Uśmiechnął się do mnie i ruszył za swoim partnerem na poszukiwanie mojego ojca.
- O co mu chodziło z tym synem? - zapytał Landen.
- Nie wiem. Ale wyglądał znajomo, nie?
- Yhm.
- O czym to mówiliśmy?
- Pani Parke-Laine? - zaczepił mnie niewysoki i bardzo krępy osobnik o szczerych, głęboko osadzonych, brązowych oczach i krzaczastych brwiach.
- OS-12? - zapytałam, zastanawiając się, skąd on u licha wyrósł przed nami.
- Nie, psze pani - odrzekł, zabierając śliwkę z tacy przechodzącego kelnera. Obwąchał ją dokładnie, po czym połknął razem z ogonkiem i pestką. - Nazywam się Bartholomew Stiggins, pracuję w OS-13.
- A cóż oni robią?
- Nie jestem upoważniony do komentarzy - odpowiedział zwięźle - ale możemy niebawem potrzebować pani umiejętności i talentów.
- Jakiego ro...?
Ale pan Stiggins nie słuchał. Jego uwagę przykuł żuczek pełznący po doniczce. Ze zręcznością, której nie spodziewałam się po jego wielkich, niezgrabnych łapskach, podniósł owada do góry i wpakował sobie w usta. Popatrzyłam na Landena, a on skrzywił się.

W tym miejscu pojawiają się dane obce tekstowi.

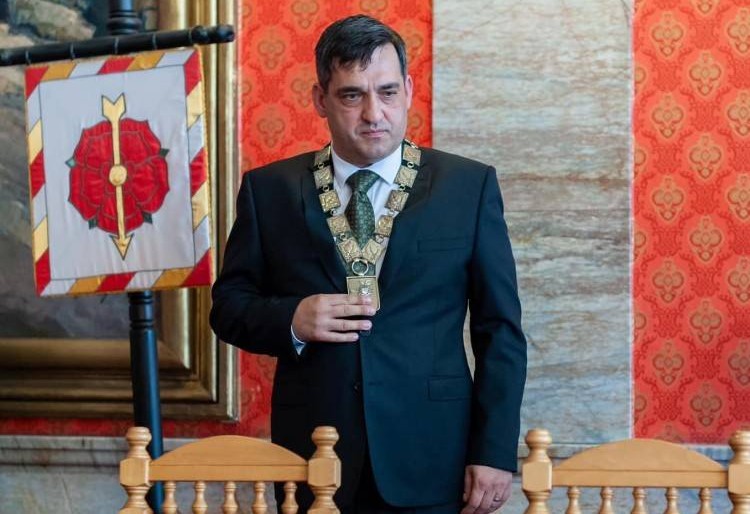 Komunálne voľby v Ružomberku: Primátorom ostáva Ľubomír Kubáň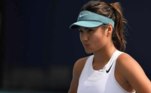 Ela apenas não foi mais longe em Wimbledon porque precisou desistir por problemas físicos. Mas, o títulodo US Open já rendeu elogios da própria rainha Elizabeth e do então primeiro-ministro Boris Johnson à atleta. 'Eu lhe congratulo pelo sucesso. É uma conquista incrível para alguém tão jovem, e uma afirmação para seu trabalho duro e dedicação', disse a monarca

- Przepraszam - powiedział Stiggins zmieszany, jakby został nagle przyłapany na dłubaniu w nosie w towarzystwie. - Jak mówi przysłowie? Że przyzwyczajenie jest drugą naturą człowieka?
- Jest ich więcej na kopcu z kompostem - poinformował uprzejmie Landen.
Człowieczek uśmiechnął się oczami. Nie sądziłam, żeby był szczególnie wylewny.
- Jeśli jest pani zainteresowana, skontaktuję się z panią później.
- Niech pan się skontaktuje - powiedziałam mu.
Odchrząknął, umieścił kapelusz na głowie, powiedział, że życzy nam miłego dnia, wypytał o dokładną lokalizację kopca z kompostem i poszedł sobie.
- Nigdy jeszcze nie widziałem neandertalczyka w garniturze - zauważył Landen.
- Nie przejmuj się już panem Sugginsem - powiedziałam, podnosząc głowę do góry, żeby go pocałować.
- Myślałem, że skończyłaś z OpSpecami?
- O, nie! - odparłam z uśmiechem. - Prawdę mówiąc, wydaje mi się, że dopiero zaczynam!